Sites (like Google) are doing a fine job of making it possible for Average Joe’s to find the web pages of other Average Joe’s over at Myspace who in turn does a fine job helping people build silly pages filled with videos and images from other infrastructure sites like Flickr and Youtube. They should be well compensated for this and I think 25% is a good number, with 75% of the total revenue generated going to the “users” who are generating all that content and all those page views.

“Professional” users like me already get a piece of the action from Google – about 60-70% of the ad revenue I generate at my websites comes back to me via Google Adsense payments, and I think that’s probably a fine relationship. At least until Yahoo or MSN wake up to the fact they can jump start their contextual advertising services with a temporary 100% revenue share with publishers. Then I, and a large chunk of the 43% of Google’s Adsense Revenue, will be jumping ship. Booking services only give me about 50% of the commissions I generate but that’ll trend upwards over time (ha – it used to be only 20% revenue sharing).

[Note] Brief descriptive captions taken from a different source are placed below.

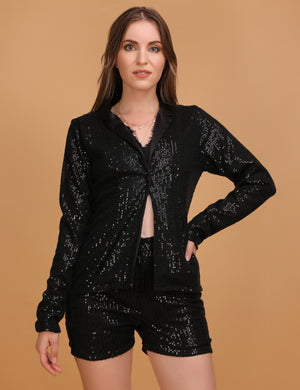 WOMEN BLACK SEQUIN CO-ORD SET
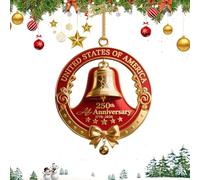 Miyanvuo 2D Bell Ornament | America 250Th Bell Acrylic 2D Ornament | Christmas Tree 1776-2026 Doorbell Art Vintage for Living Room Bedroom Patio Dormitory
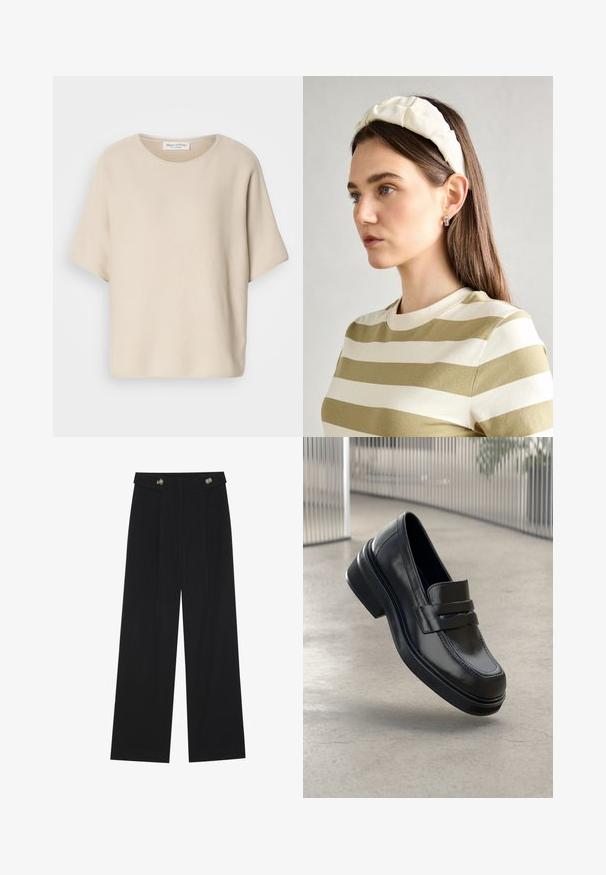 Šviesiai ruda trumpomis rankovėmis palaidinė, pagaminta iš tekstūruotos medžiagos, su apykakle ir laisvu siluetu, su etiketė pakabinta viduje apykaklės.; Juodi plačios kojos kelnės su aukštu liemeniu, sagų detalėmis ant liemens ir priekinėmis raukšlėmis.; Juodas odinis loafers su lygiu paviršiumi, apvalia nosimi ir žemu kulnu. Yra dvi dirželių detalės per pėdos vidurį.; Kremo spalvos paminkštinta galvos juosta su suktiniu dizainu, derinama su smėlio ir baltos spalvos juostelėmis marškiniais, turinčiais apvalų iškirpimą. Subtilūs papuošalų akcentai.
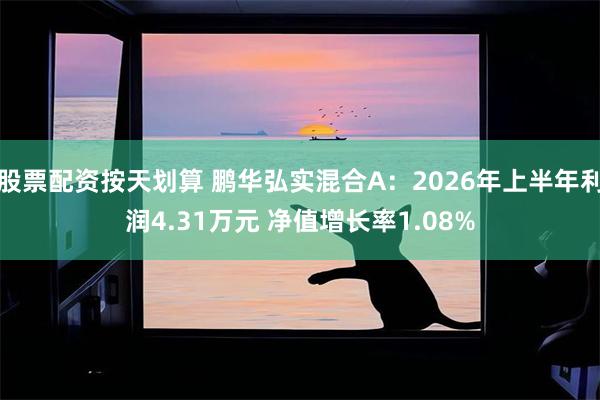 股票配资按天划算 鹏华弘实混合A：2026年上半年利润4.31万元 净值增长率1.08%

However it’s very intriguing how the big players in the mega money deals leave out the key people in the equation – the Average Joe user. Part of that is simply scale. An average myspace user is only generating nickels and dimes (literally) per month in ad revenue. Collectively it’s a truckload of money but individually not much and Myspace does provide a good service to the user. Win Win? Maybe, but I think the trend will be towards people valuing their own content and their eyeball time more selfishly than they do right now.

The problem with all this great people-generated content — clearly the heart and soul of the new internet — is that the people generating it are getting left in the revenue dust. There are exceptions who manage to turn a few bucks here and there from the crumbs dropped by the mega monetizers like Google, but the average Joe who blogs and posts pictures and has a Myspace page with his Youtube videos gets nothing but the use of the online tools. That searchability and infrastructure is worth something. Arguably it’s worth a lot and clearly Average Joe is happy so far getting sh** for all his content effort.

However, I think over time Average Joe will become more demanding, perhaps even having the audacity to suggest that the collective fruits of all that online labor should be shared not just among Google and friends, but shared with those who watch it all and who make it all worth watching.

Facebook worth more than YouTube? Don says “yes”


Don Dodge over at Microsoft has a great little thumbnail analysis of the business prospects of YouTube and Facebook, and concludes both are way overpriced at current valuations and Facebook is more valuable at 700 million. He cites Scoble’s latest thinking on the topic as well though it seems to me Robert seems too supportive of buying anything that even smells like Web 2.0 and is still feeling a bit hostile toward his ex employer.   I don’t blame him for that since he was way ahead on the new web and blogging and Microsoft’s failure to “get it” must have been really frustrating.

He’s not doing an extensive analysis but this is the best actual math I’ve seen regarding these deals, which as Don indicates with his little summary, appear to be valued more like Granny’s china than businesses. Given the uncertainties I think he’s generous to go 20x expected earnings. The landscape is changing daily and it’s not clear people will stick to favorite sites the way they stick to favorite brands (I predict we the people will not show much in the way of online brand loyalty, and this will shake it all up a lot in the coming years).